Work to be completed -> With the pictures omitted, print exactly the lines below, from the one containing "Image No.8-3 Bed Villa for sale" through the one containing "Westchester Apartments", and nothing else.

Exercise input ->

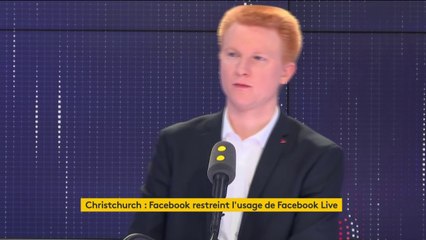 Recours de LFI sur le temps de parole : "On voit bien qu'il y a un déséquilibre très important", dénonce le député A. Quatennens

---

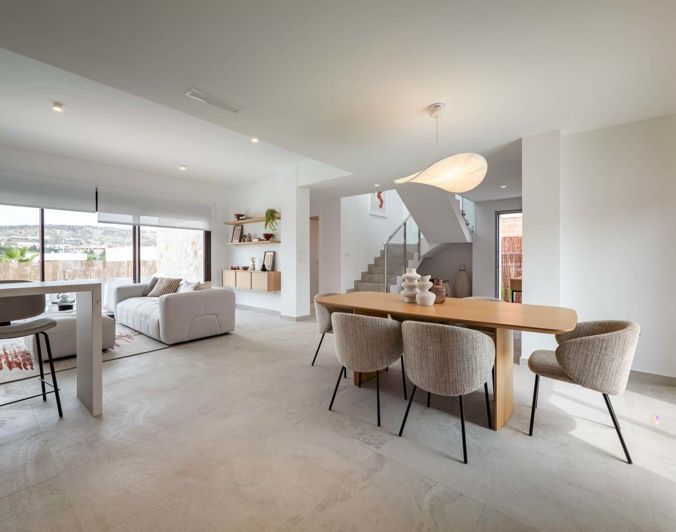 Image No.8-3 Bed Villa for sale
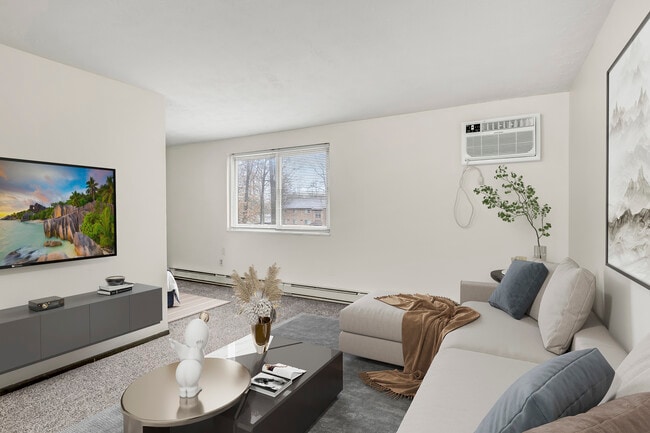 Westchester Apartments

==

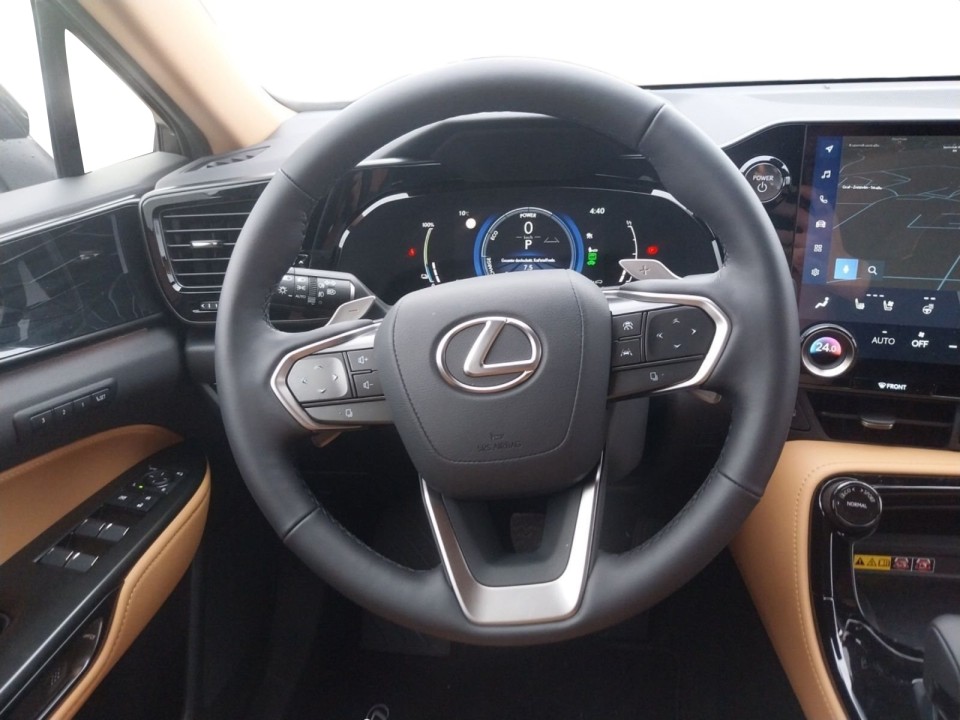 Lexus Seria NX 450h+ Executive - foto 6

Exercise solution ->
 Image No.8-3 Bed Villa for sale
 Westchester Apartments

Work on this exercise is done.